I have removed 4 nodes with "nodetool decommission". 2 of them have left with no issue, while the 2 others nodes remained "leaving" even after streaming their data.
The only specific thing of these 2 nodes is that they had a lot of hints pending. Hints from a node that couldn't come back and that I removed earlier (because of the heavy load induced by Hinted Handoff while coming back, which induced a lot of latencies in our app. This node didn't manage to come back after 10 minutes, I removed it).
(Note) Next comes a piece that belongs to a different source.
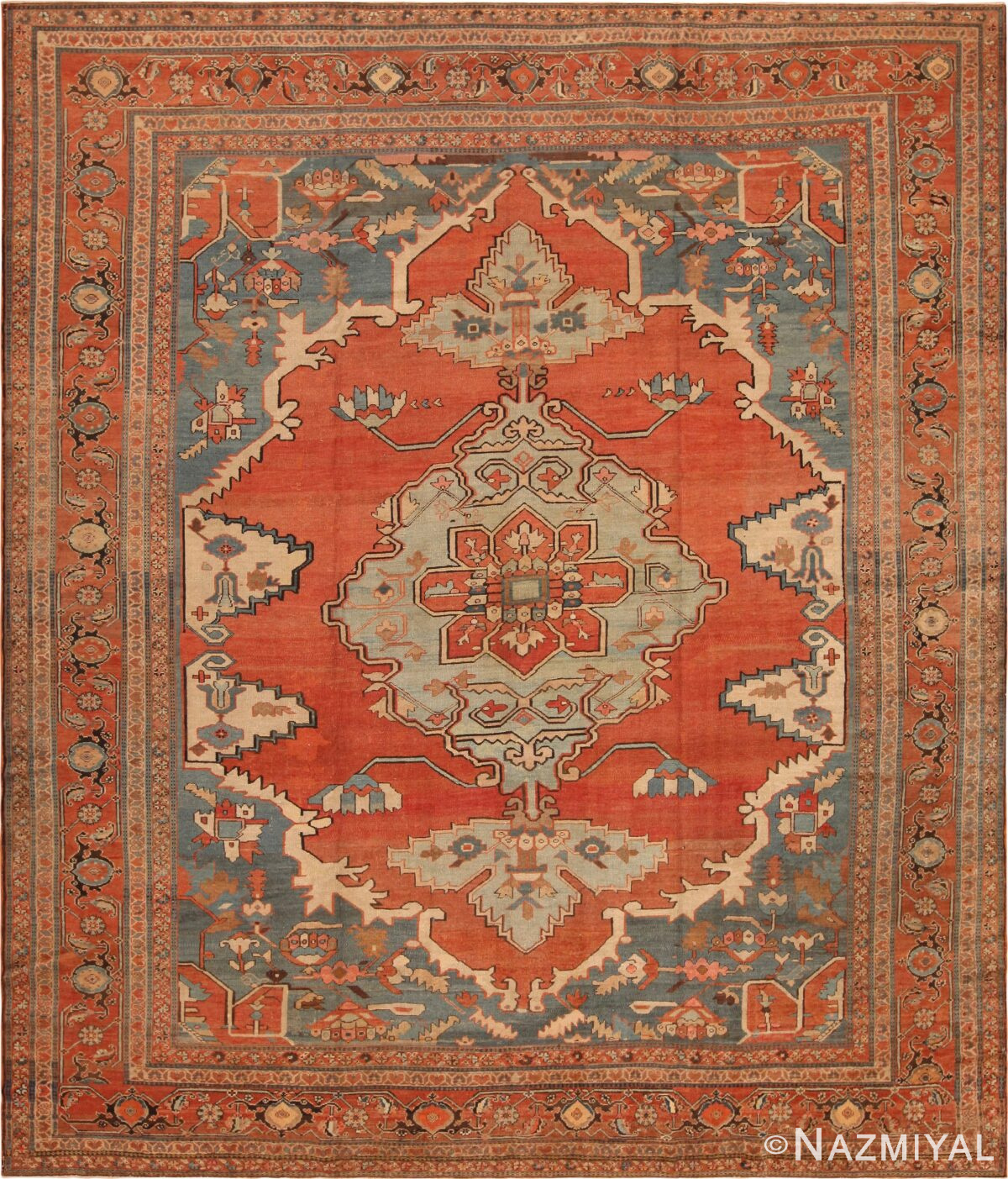 Room Size Antique Persian Serapi Rug 71416 by Nazmiyal Antique Rugs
So there I faced 3 bugs (or problems) :
1 - At first, one of my node came down 5 min and when it came back it get flooded by Hinted Handoff so hard that it could not handle the real time queries properly. I haven't find a way to prioritize app queries rather than Hinted Handoff.
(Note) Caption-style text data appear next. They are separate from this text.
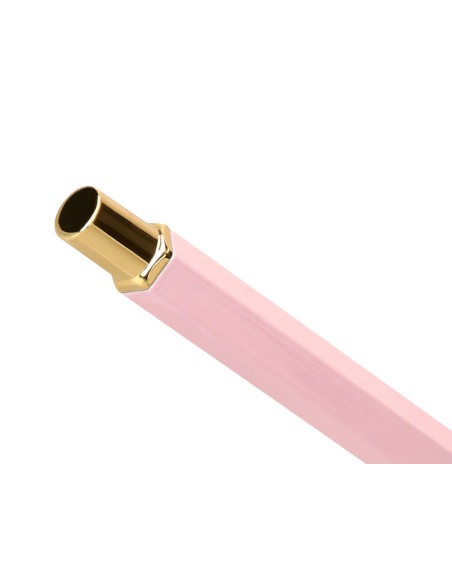 Boligrafo belius macaron bliss forma hexagonal color rosa y dorado tinta azul caja de diseño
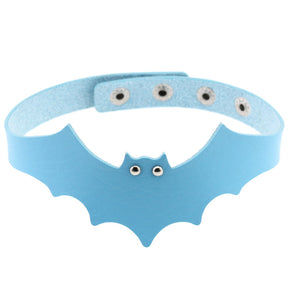 Pale aqua blue faux leather bat wing choker shown fastened in a circle, with a scalloped front, pointed ears and two silver-tone eyelet eyes. The adjustable snap positions are visible across the back.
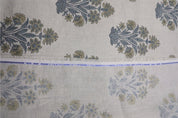 Indian Hand Block Print Green Floral Pure Linen Fabric - Morpankh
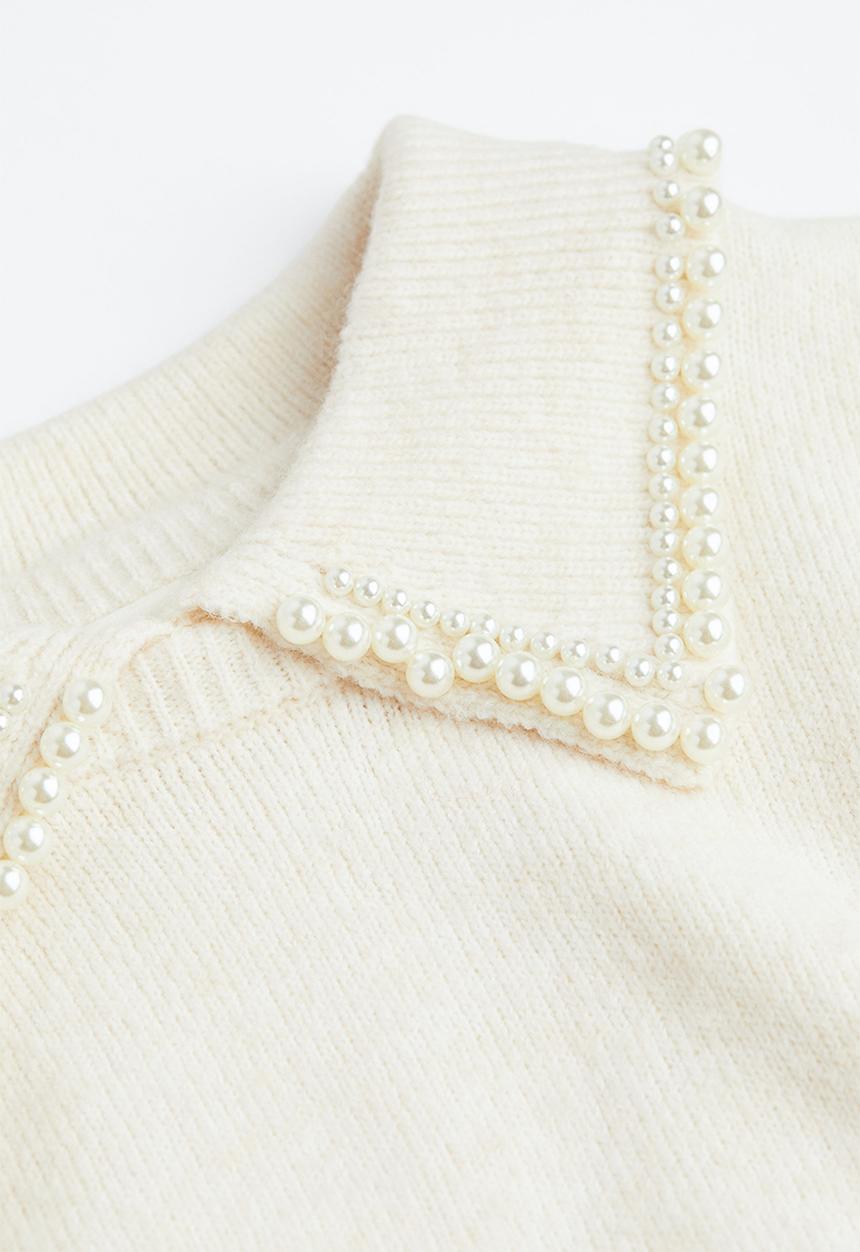 H&M - Beaded-collar jumper - cream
2 - Nodes keep hints for a node that has been removed.
3 - Nodes with 500MB to 3GB hints stored for a removed node can't be decommissioned, they stuck after streaming their data.
As solutions for this 3 issues I did the following:
Solution to 1 - I removed this down node (nodetool removenode)
Solution to 2 - Stop the node remove system hints
Solution to 3 - Stop the node and removenode instead of decommission
Now I have no more issue, yet I felt I had to report this. Maybe my experience can help users to get out of tricky situations and commiters to detect some issues, specially about hinted handoff.